Asahi Glass Co (AGC) will invest around $400 million to construct a power plant at its Indonesian subsidiary PT Asahimas Chemical (ASC).
According to a AGC press release, the power plant will enhance the competitiveness of its chlor-alkali business in Southeast Asia by significantly reducing power rates, a major cost item of that business.
“The caustic soda and polyvinyl chloride (PVC) market in Southeast Asia is projected to grow at over 5 per cent per year,” AGC said.
Of the total demand in the market, Indonesia, Thailand and Vietnam, where AGC has bases for the chlor-alkali business, account for 70 per cent of the demand.
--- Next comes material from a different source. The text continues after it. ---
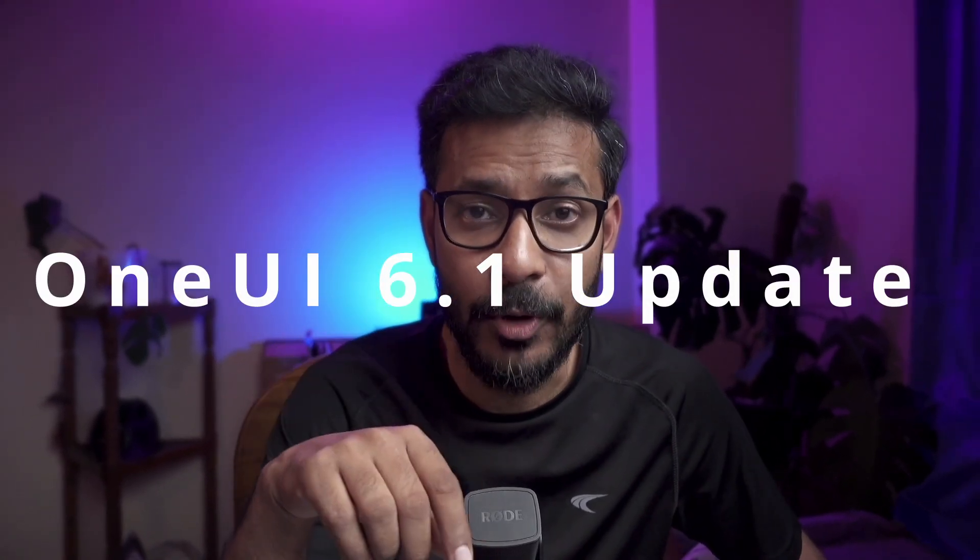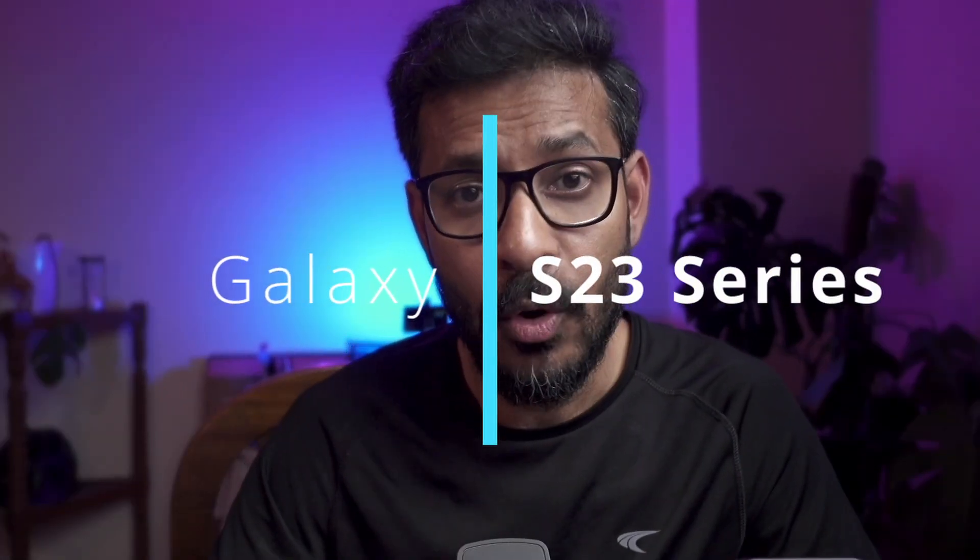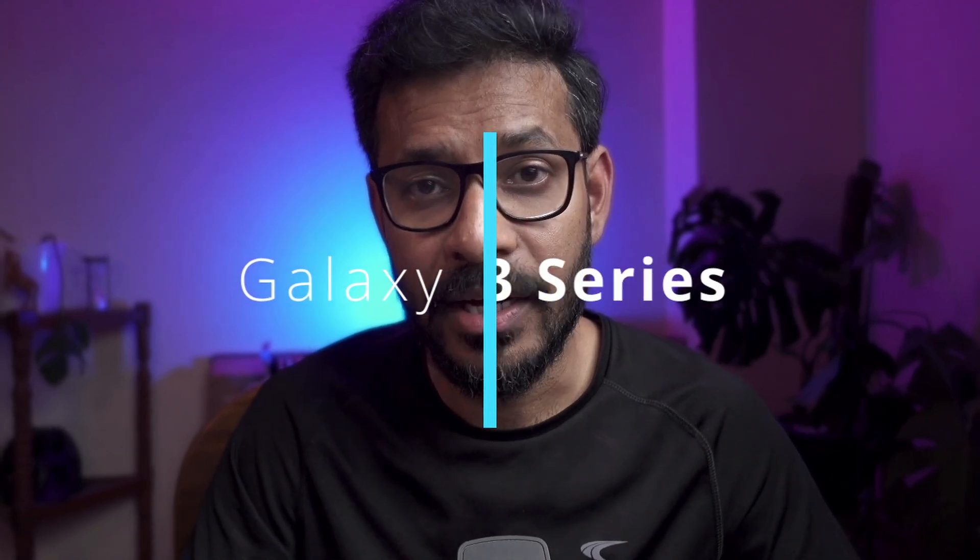Hey everyone, welcome to Neil's World. There is a small update regarding Samsung Galaxy S23 series phones. The new update, One UI 6.1 with Galaxy AI features, has been rolled out gradually to devices of the S23 series, where you will get access to the AI features Samsung introduced with the S24 series recently.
In order to steadily meet increasing demand in these growth markets, AGC has been working to grow business, by looking at Southeast Asia as a whole and leveraging group synergies in the region.
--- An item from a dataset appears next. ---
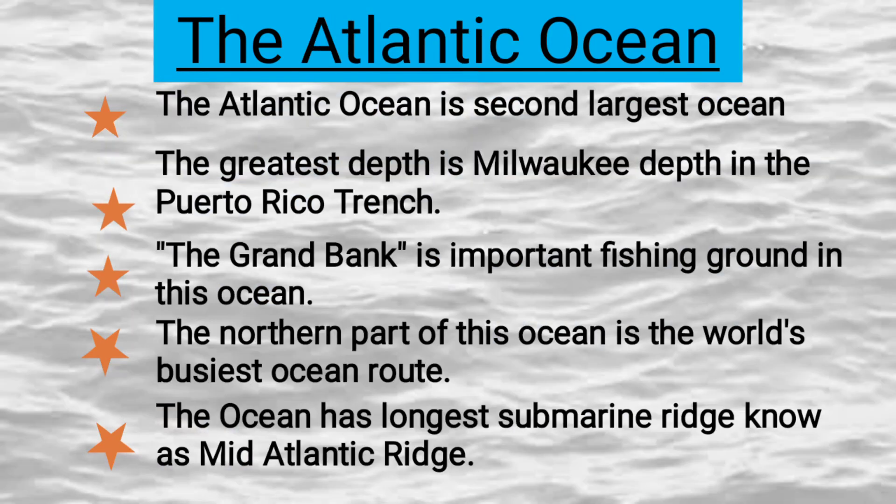The Atlantic Ocean is the second largest ocean. The greatest depth is the Milwaukee Depth in the Puerto Rico Trench. The Grand Bank is an important fishing ground in this ocean. The northern part of this ocean is the world's busiest ocean route. The ocean has the longest submarine ridge, known as the Mid-Atlantic Ridge.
It has enhanced production capacity at ASC, which is scheduled to be completed at the end of 2015, purchased a Vietnamese PVC manufacturing company and increased its production capacity.
This investment will realise cost reduction of electricity, one of the main cost components, and will help AGC to build dominant competitiveness not only in Indonesia but also in the entire Southeast Asia.
To cope with increasing demand for electric power, Indonesia plans to reinforce thermal power stations fueled by coal that is produced in the country.
To make the plan successful, Japan has proposed high efficiency power generation using circulation fluidised bed boilers (CFB method) or ultra-supercritical power plant, etc., aimed at reducing CO2 emissions.
The power plant to be constructed by AGC will be a coal-fired power plant with a power generation capacity of around 250 MW and will use low-grade coal, whose reserves are large in Indonesia.
ASC will adopt the highly efficient, environmentally-friendly CFB method, which is capable of co-generation and mixed fuel burning of biomass fuel.